2. Quantification of acidified mitochondria with co‐localized Cerulean‐FKBP8 WT or mutants, co‐localized Cerulean‐BNIP3, or co‐localized Cerulean‐NIX. The numbers of red‐only mCherry‐EYFP‐OMP25TM dots that contained enrichment of FKBP8 WT or mutants, enrichment of BNIP3, or enrichment of NIX, were quantitated manually in two independent experiments. The bars represent the average values from at least 100 cells in two independent experiments. Error bars represent s.d.

3. Model of FKBP8‐mediated LC3A recruitment and subsequent escape of FKBP8 from mitochondria targeted for degradation by autophagy.

Figure EV5. Endogenous FKBP8 is not degraded during autophagy inducing conditions, whereas the FKBP8 N412K mutant is localized on acidified mitochondria

1. HeLa cells were treated with Baf‐A1 or MG132 or starved with HBSS for the indicated times. Cells were harvested and subjected to Western blotting for analysis of endogenous FKBP8 and LC3B.

2. HeLa cells were transiently transfected with mCherry‐GFP‐OMP25TM and Flag‐LC3A expression constructs, together with Cerulean‐FKBP8 N412K, Cerulean‐FKBP8 N412K + LIRm, or Cerulean‐only expression vectors.

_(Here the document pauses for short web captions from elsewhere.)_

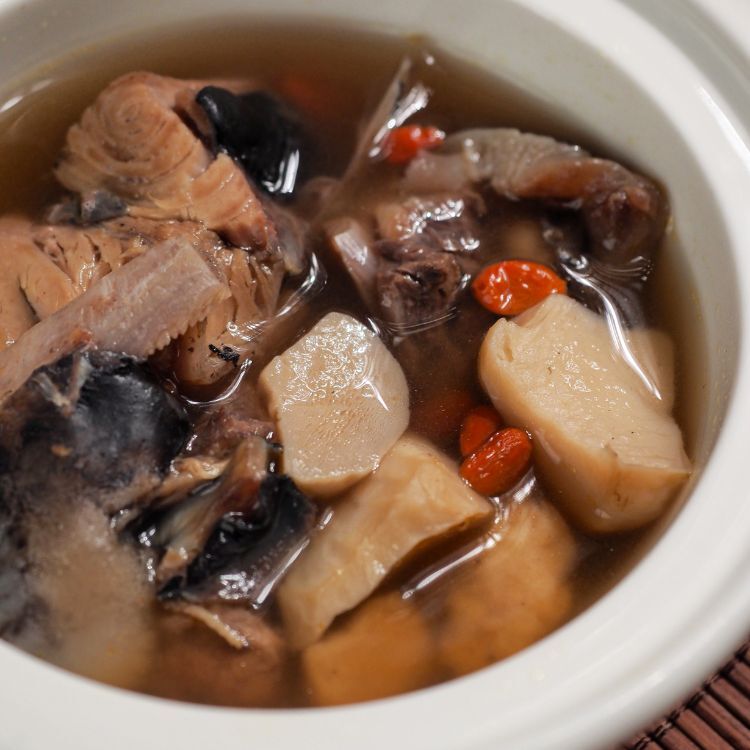 【魚有王】藥膳膠原鮪魚盅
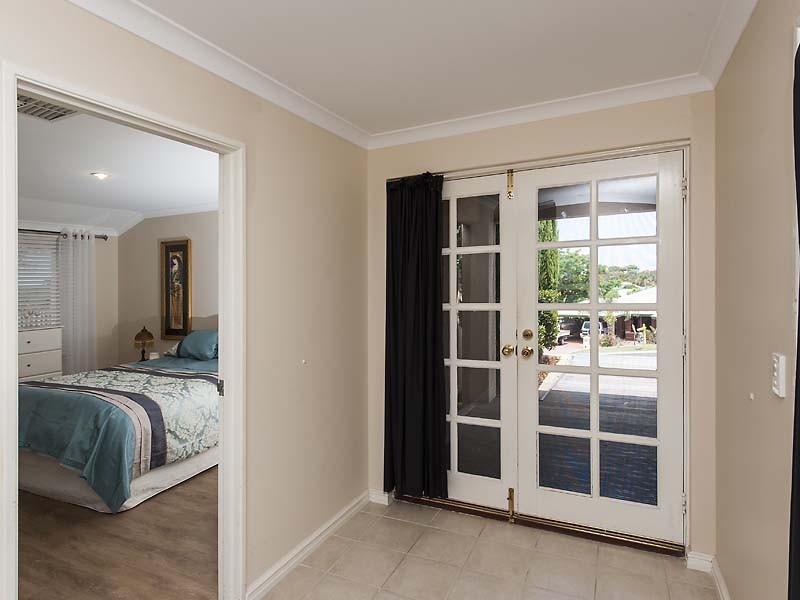 9 Staunton Rise, Halls Head WA 6210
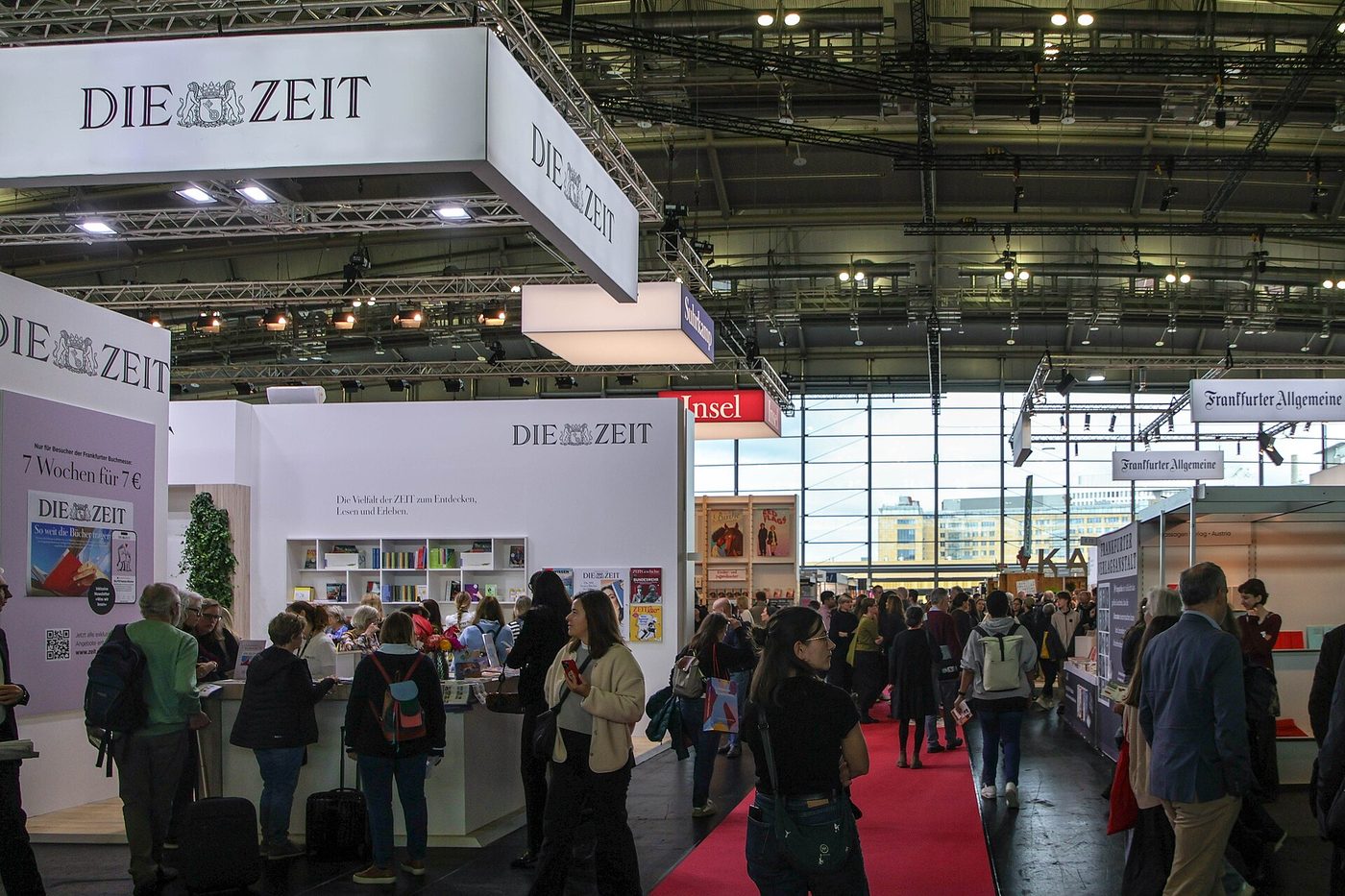 Gedränge in Halle 3 der Frankfurter Buchmesse 2025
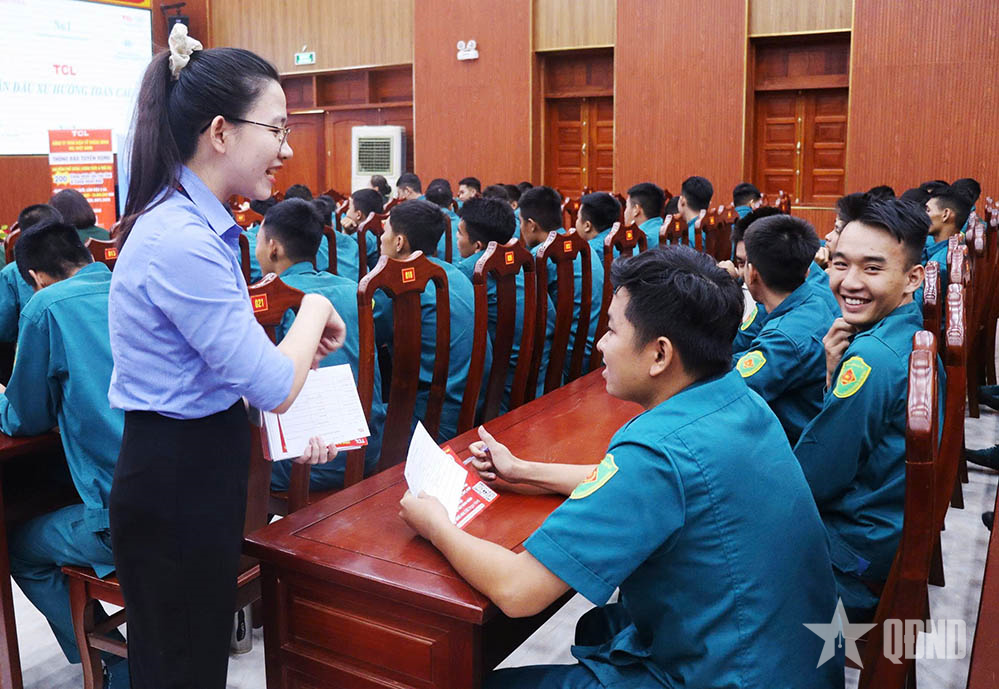 Ban chỉ huy Phòng thủ khu vực 2 - Phú Lợi tư vấn nghề nghiệp cho chiến sĩ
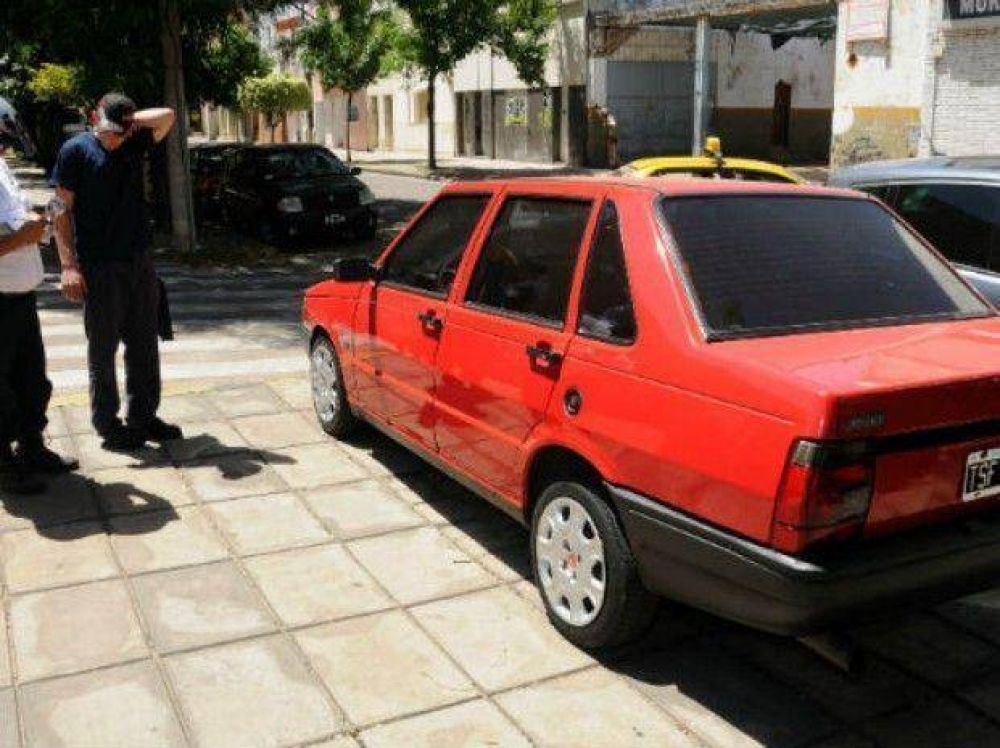 Estacionar en la vereda, una infracci�n cada vez m�s frecuente en Rosario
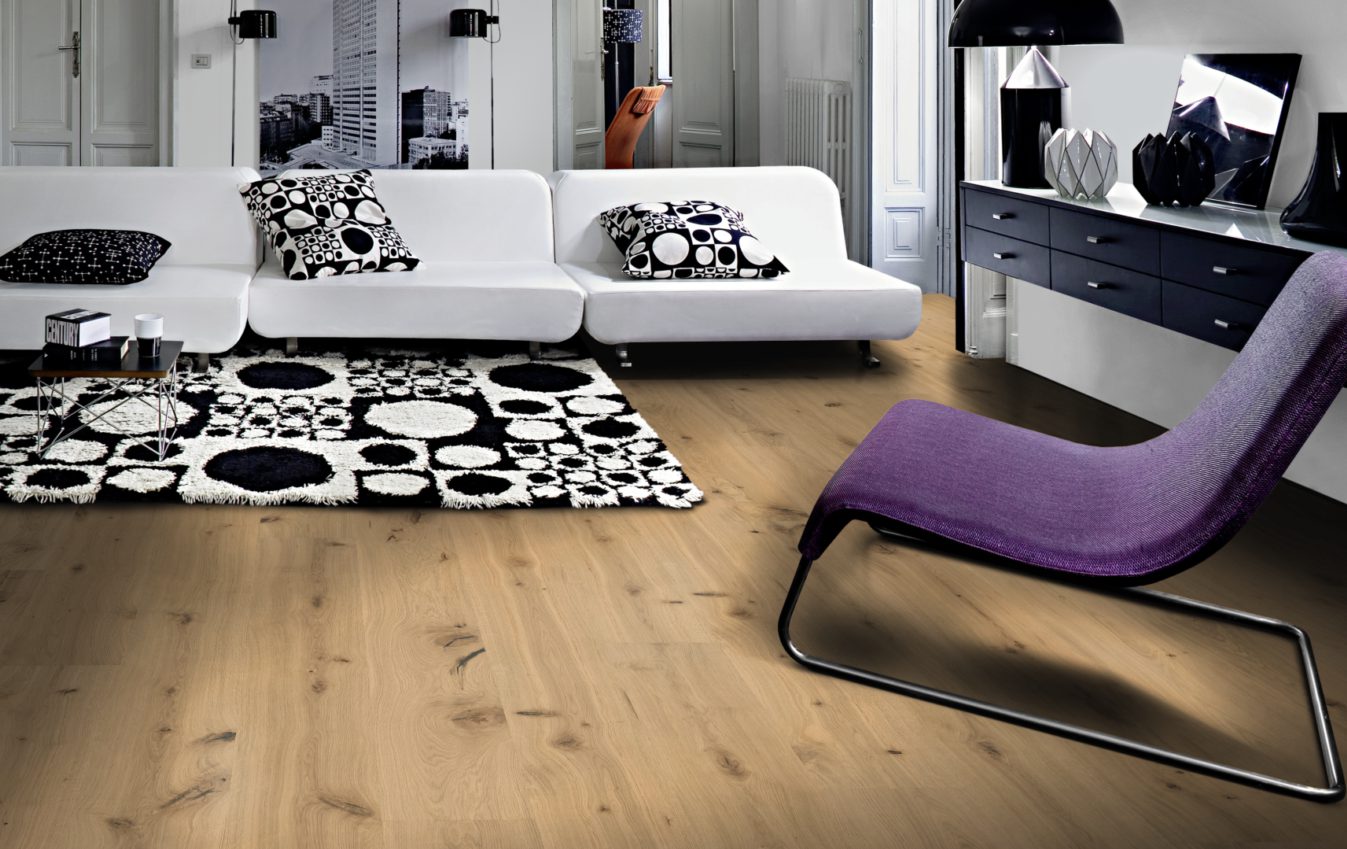 Паркетная доска Kahrs Смоланд Дуб Клинта Klinta 151NCSEK07KW240 Dynamic 2420×187×15 фото в интерьере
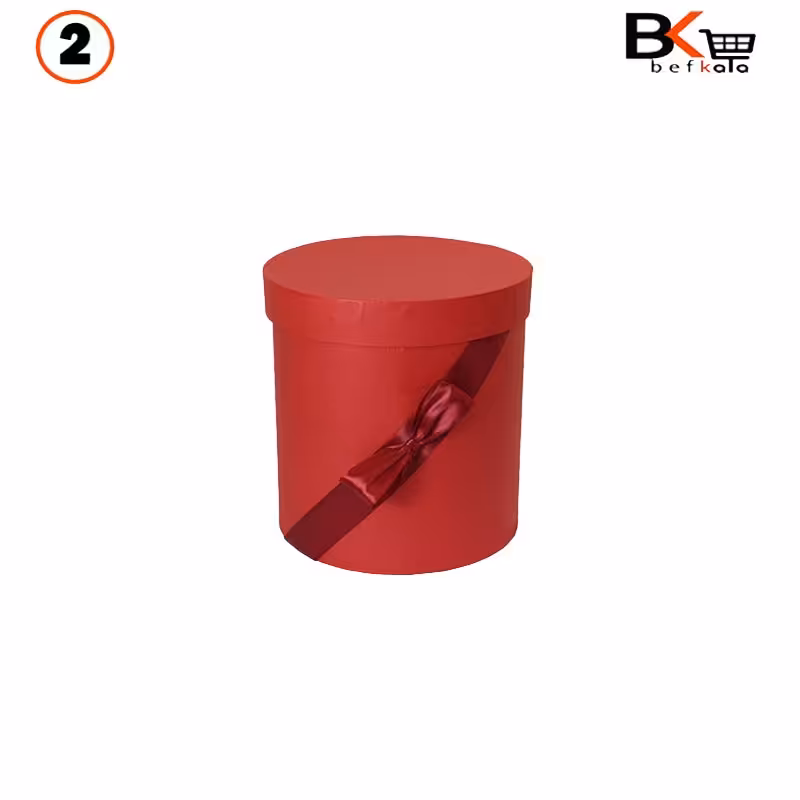باکس کادویی استوانه ای ایستاده پاپیون دار اریب قرمز کد61 سایز دو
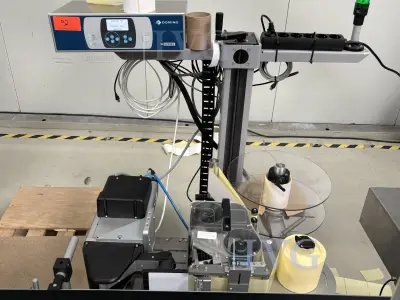 Continous-Inkjet-Drucker DOMINO M230i – kavel bij IVG, Neuenburg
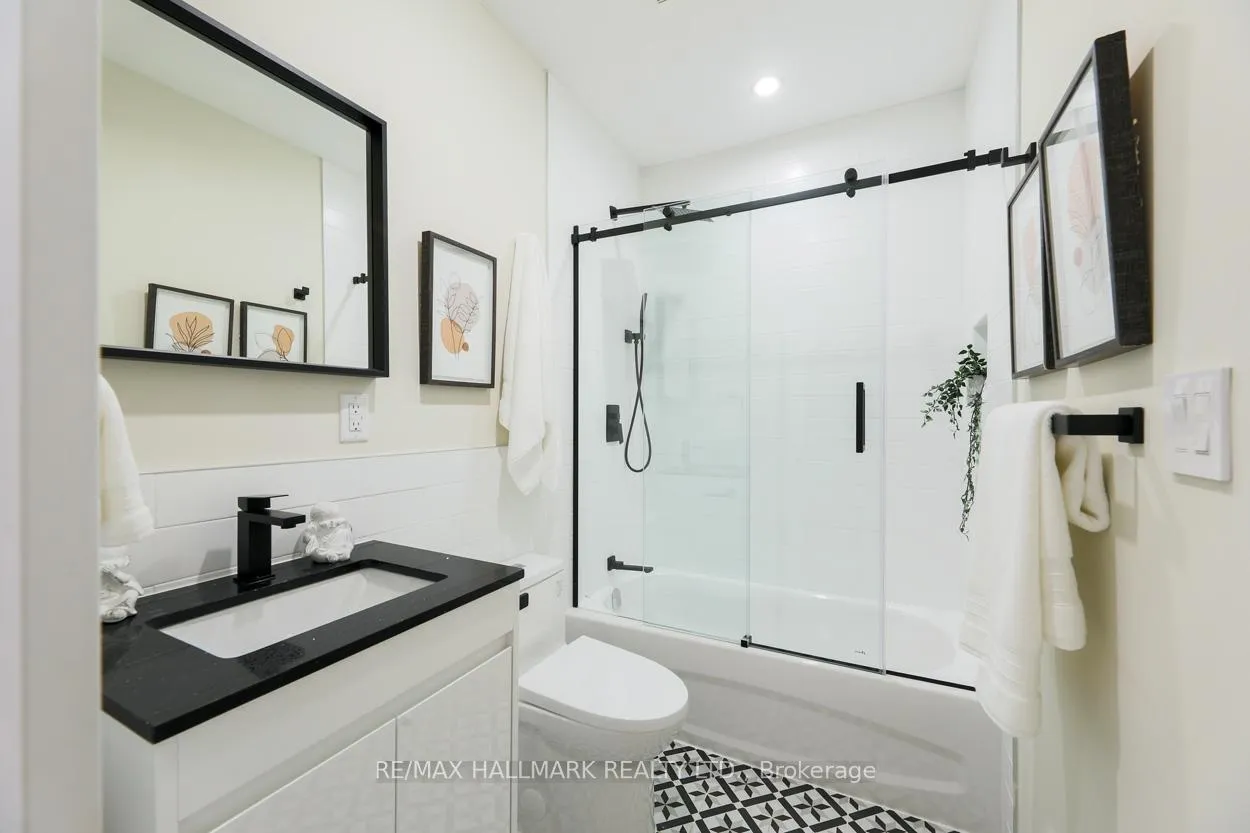 Photo 11 of Unit Main Floor, 6 Luttrell Avenue, Toronto, East End-Danforth — HOMEH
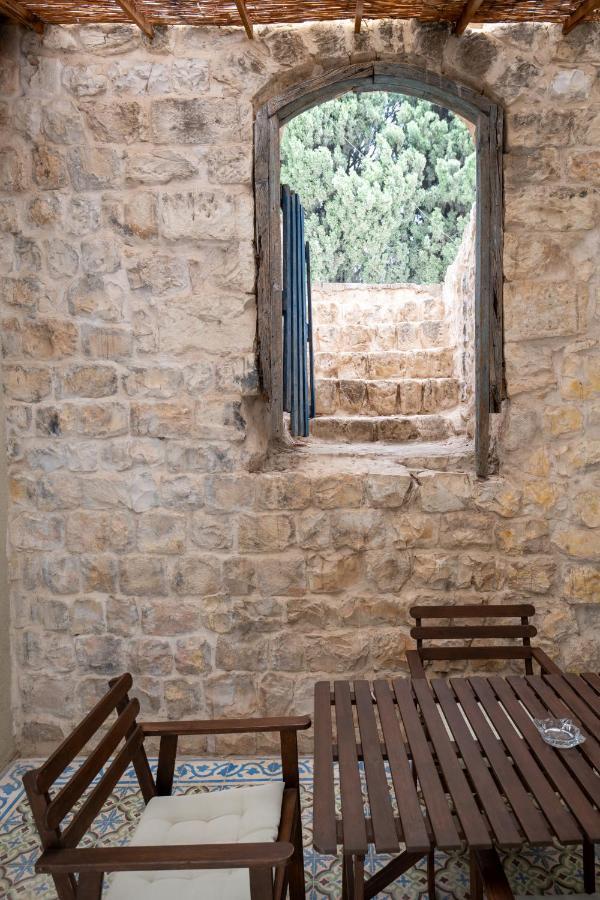 הבית בסמטת תל אביב Villa Rosh Pinna Esterno foto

The cells were imaged using a Leica SP5 fluorescence confocal microscope. Scale bars, 10 μm; in zoomed images, 5 μm. Line‐profile co‐localization plots of Cerulean‐FKBP8 mutants (blue line) and mCherry‐GFP‐OMP25TM (red and green lines) were made using the line‐profile quantification tool in the Leica imaging software (LAS‐AF). The vertical axes represent measurements of fluorescent intensity and the horizontal axis the drawn distances.